**Your task:** Please set down exactly the lines from the one containing "Denise Richards in" through the last line of the records below, both included, with no pictures.

**Record extracts:**
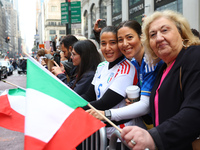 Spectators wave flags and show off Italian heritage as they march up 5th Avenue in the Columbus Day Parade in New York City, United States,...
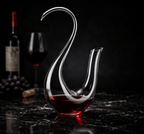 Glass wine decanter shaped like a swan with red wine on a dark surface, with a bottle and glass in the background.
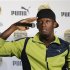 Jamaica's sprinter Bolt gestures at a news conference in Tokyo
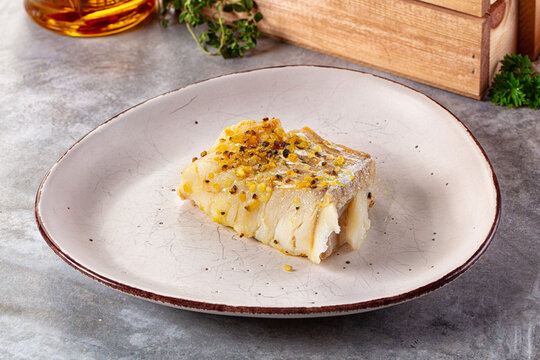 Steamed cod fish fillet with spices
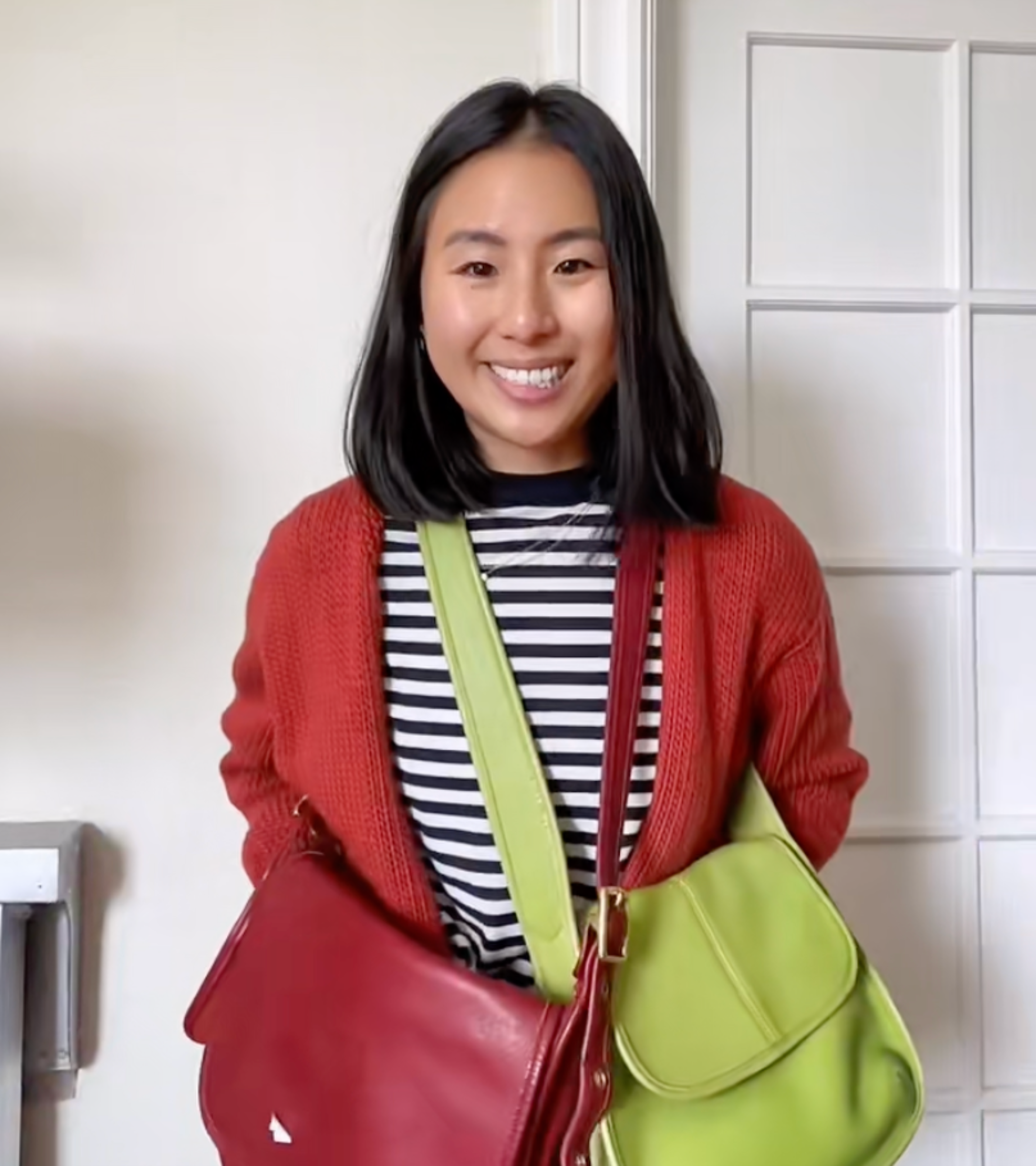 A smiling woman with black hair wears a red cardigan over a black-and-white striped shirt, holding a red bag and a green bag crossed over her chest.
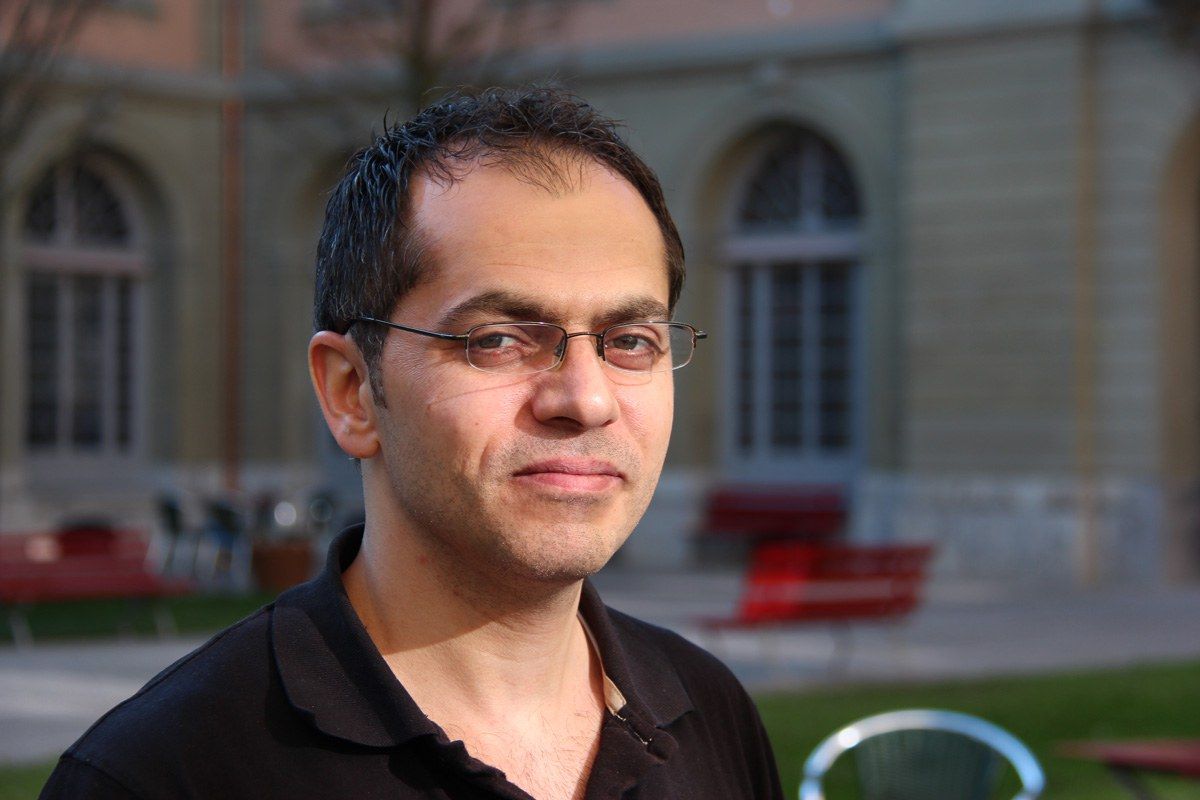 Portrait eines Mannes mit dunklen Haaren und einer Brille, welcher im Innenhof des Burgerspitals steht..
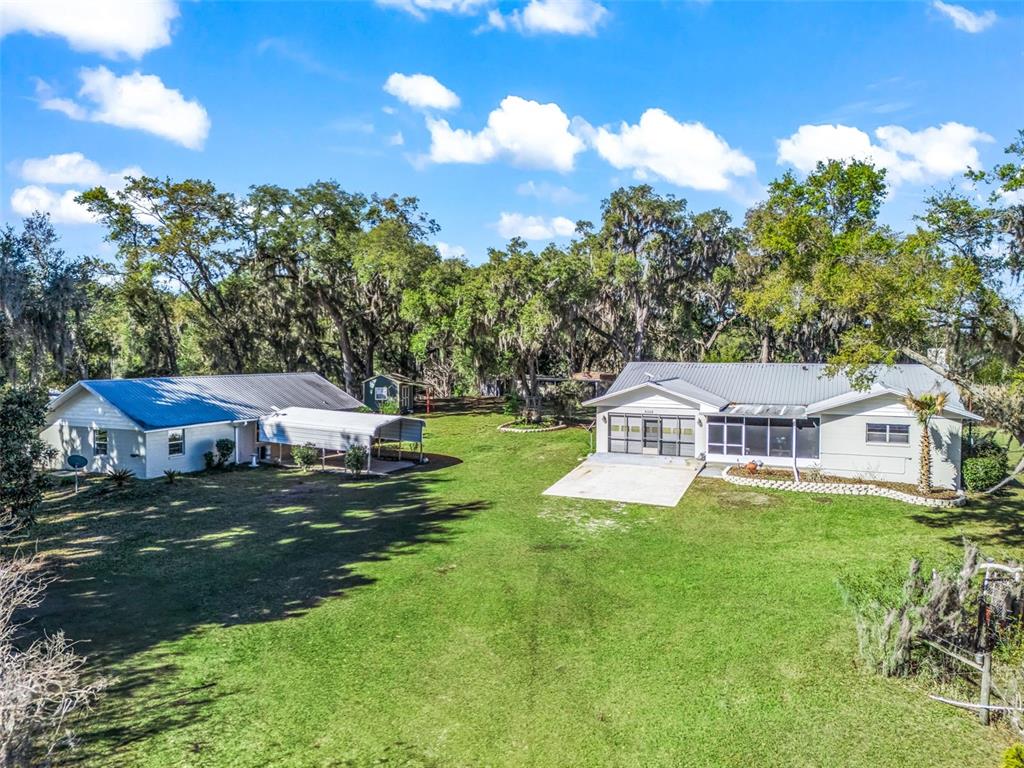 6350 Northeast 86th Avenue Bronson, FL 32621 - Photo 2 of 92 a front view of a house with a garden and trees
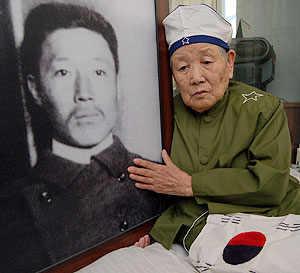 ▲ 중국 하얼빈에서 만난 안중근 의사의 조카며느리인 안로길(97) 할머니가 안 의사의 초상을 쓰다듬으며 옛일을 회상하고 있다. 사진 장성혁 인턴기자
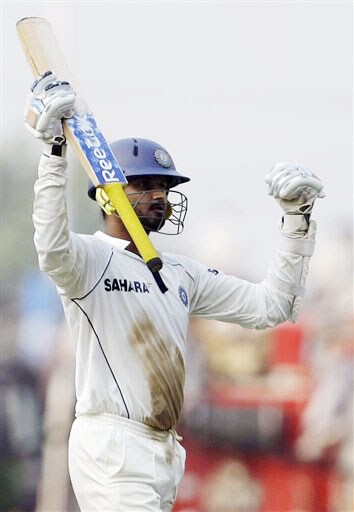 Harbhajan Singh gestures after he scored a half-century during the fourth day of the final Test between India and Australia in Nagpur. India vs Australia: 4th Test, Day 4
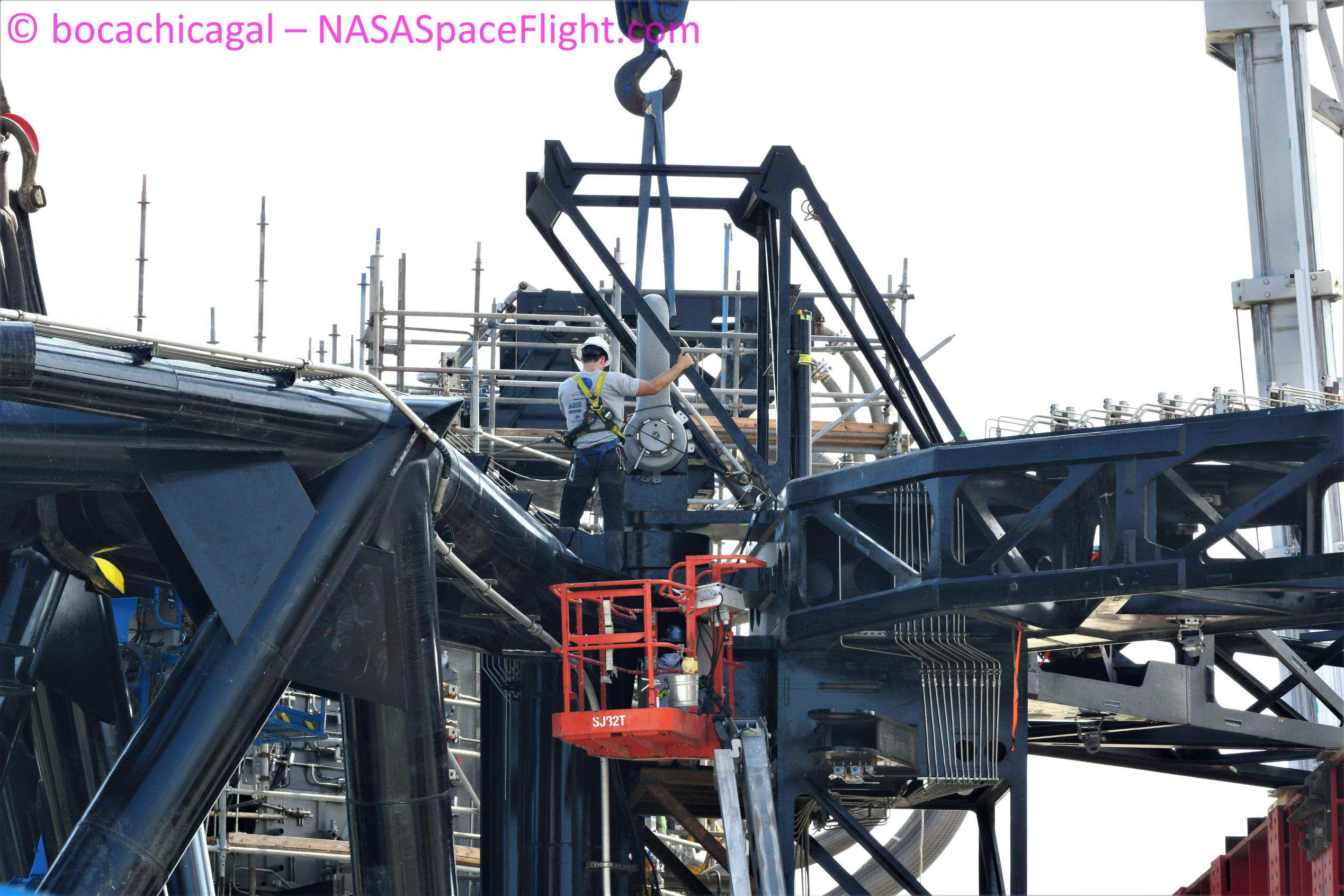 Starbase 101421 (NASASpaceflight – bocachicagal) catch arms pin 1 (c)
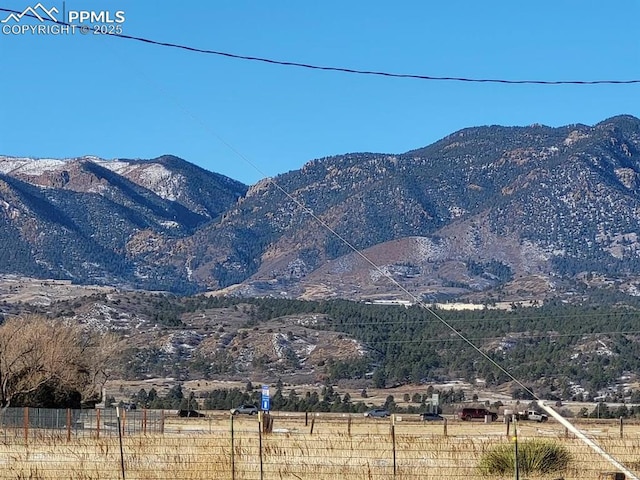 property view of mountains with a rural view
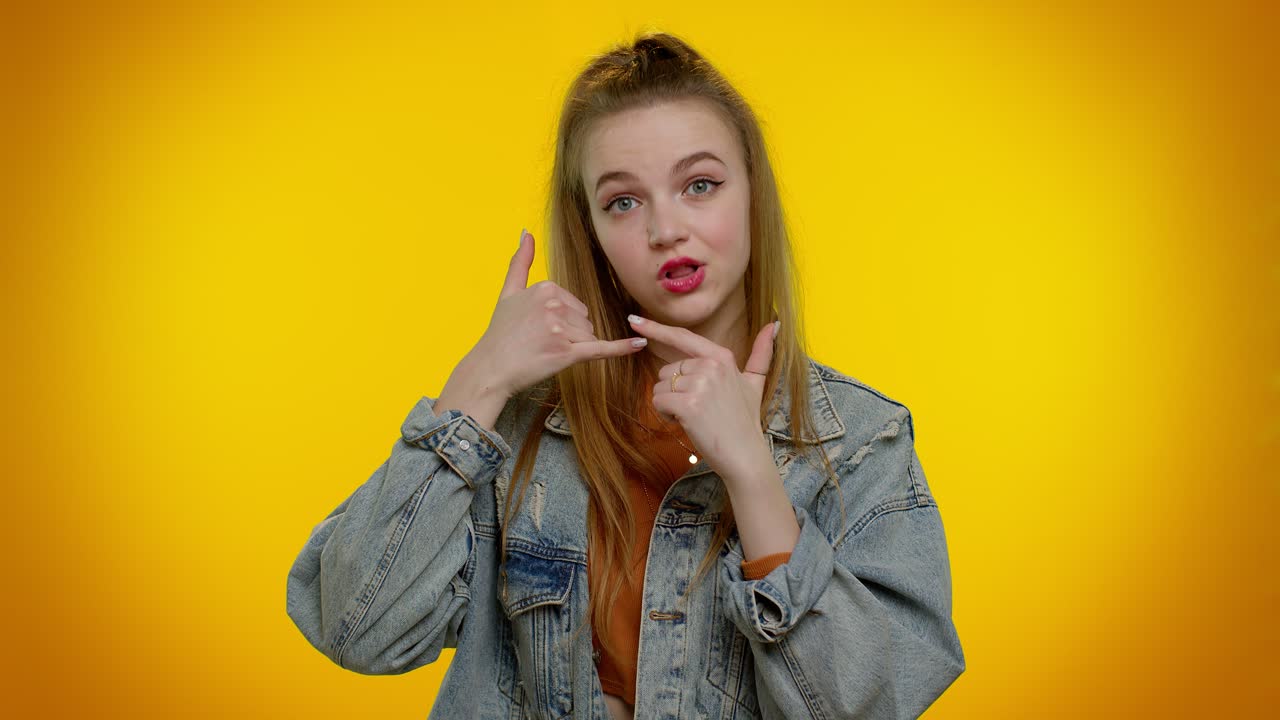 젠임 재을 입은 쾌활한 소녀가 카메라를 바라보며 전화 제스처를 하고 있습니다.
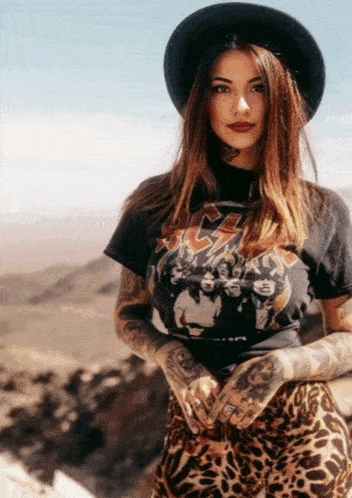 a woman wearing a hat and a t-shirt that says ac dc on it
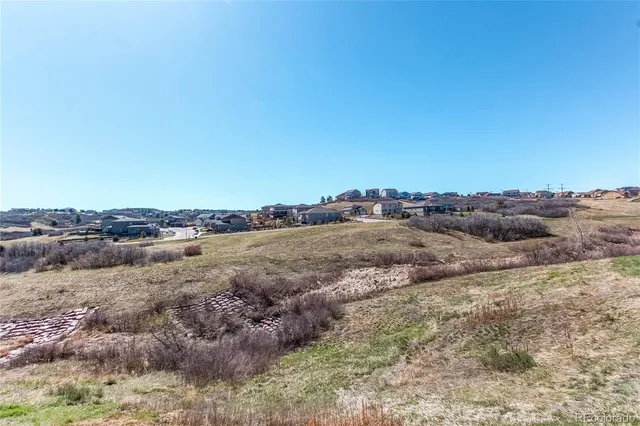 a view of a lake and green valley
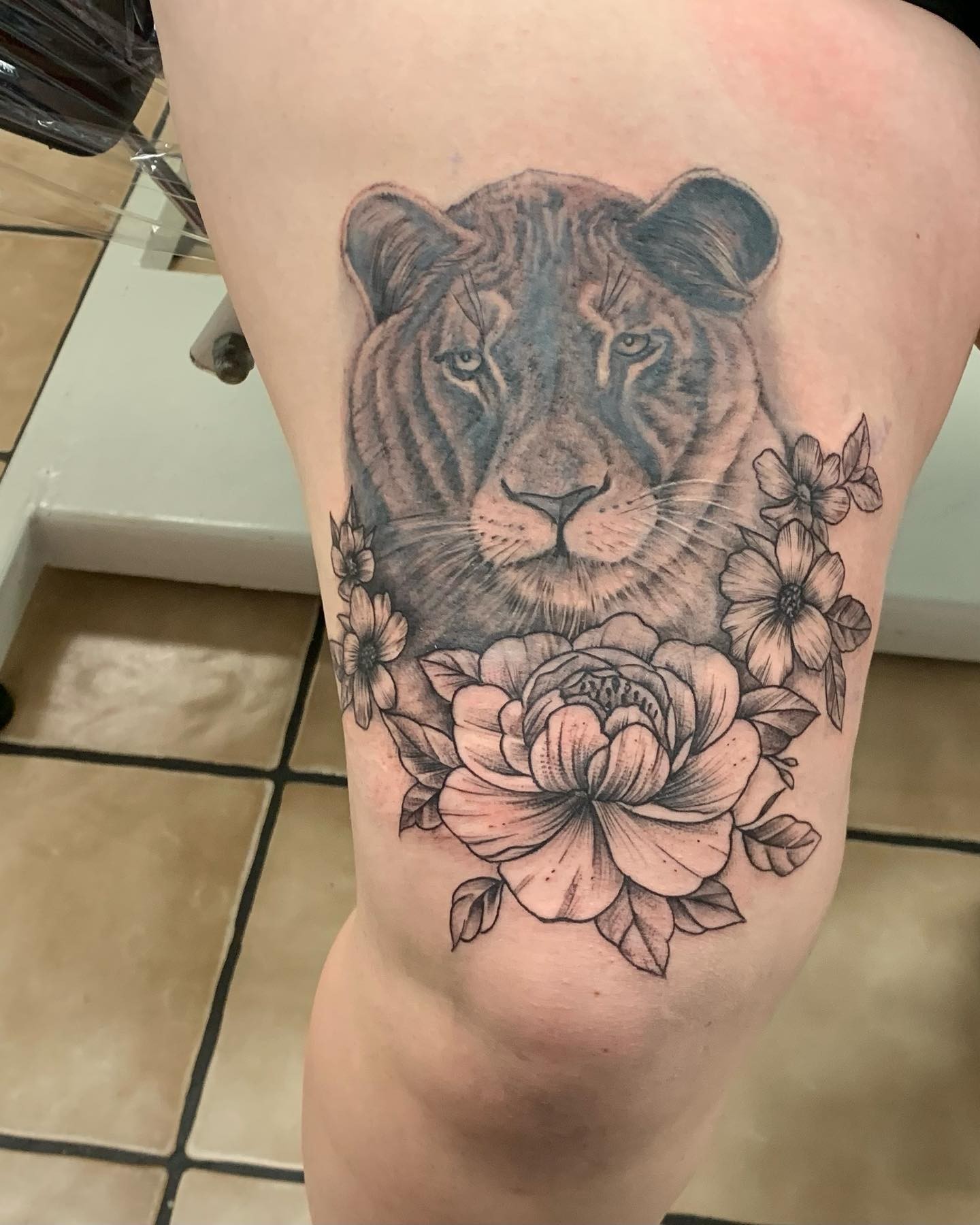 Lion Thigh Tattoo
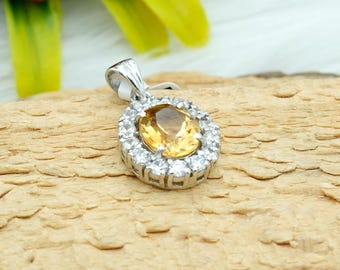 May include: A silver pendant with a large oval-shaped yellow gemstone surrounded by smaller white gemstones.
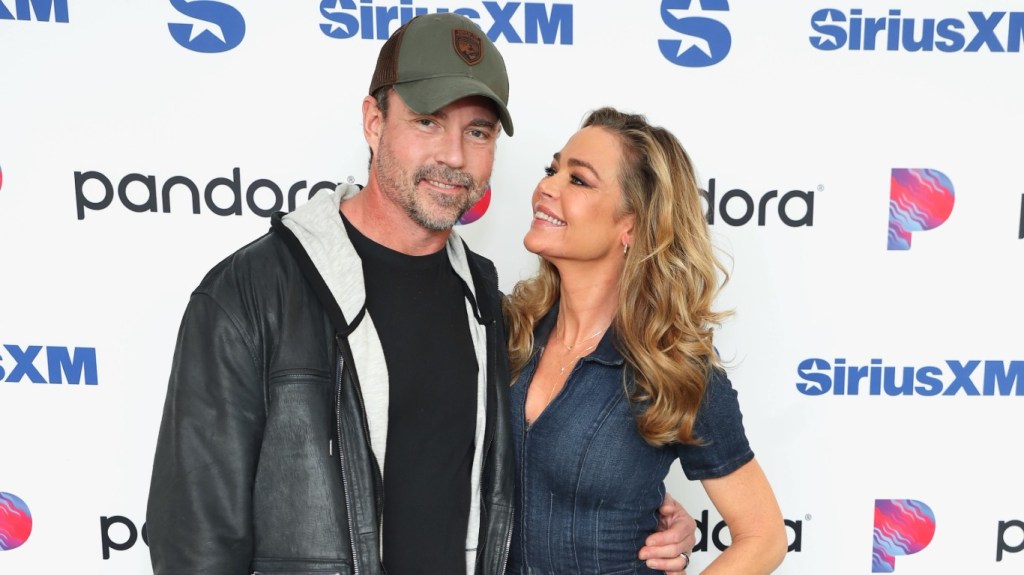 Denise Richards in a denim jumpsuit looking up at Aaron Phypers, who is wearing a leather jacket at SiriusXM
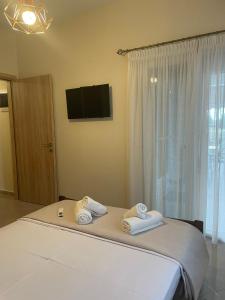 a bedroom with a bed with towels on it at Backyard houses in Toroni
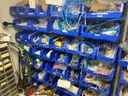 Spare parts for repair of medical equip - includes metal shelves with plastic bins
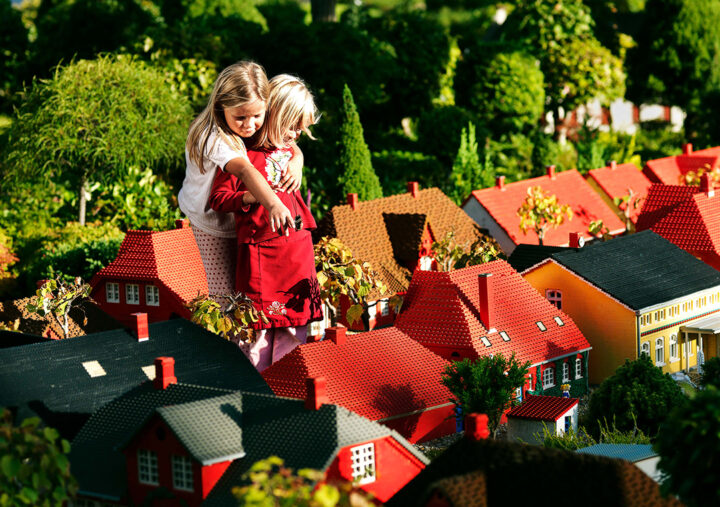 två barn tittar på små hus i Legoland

**Answer section:**
 Denise Richards in a denim jumpsuit looking up at Aaron Phypers, who is wearing a leather jacket at SiriusXM
 a bedroom with a bed with towels on it at Backyard houses in Toroni
 Spare parts for repair of medical equip - includes metal shelves with plastic bins
 två barn tittar på små hus i Legoland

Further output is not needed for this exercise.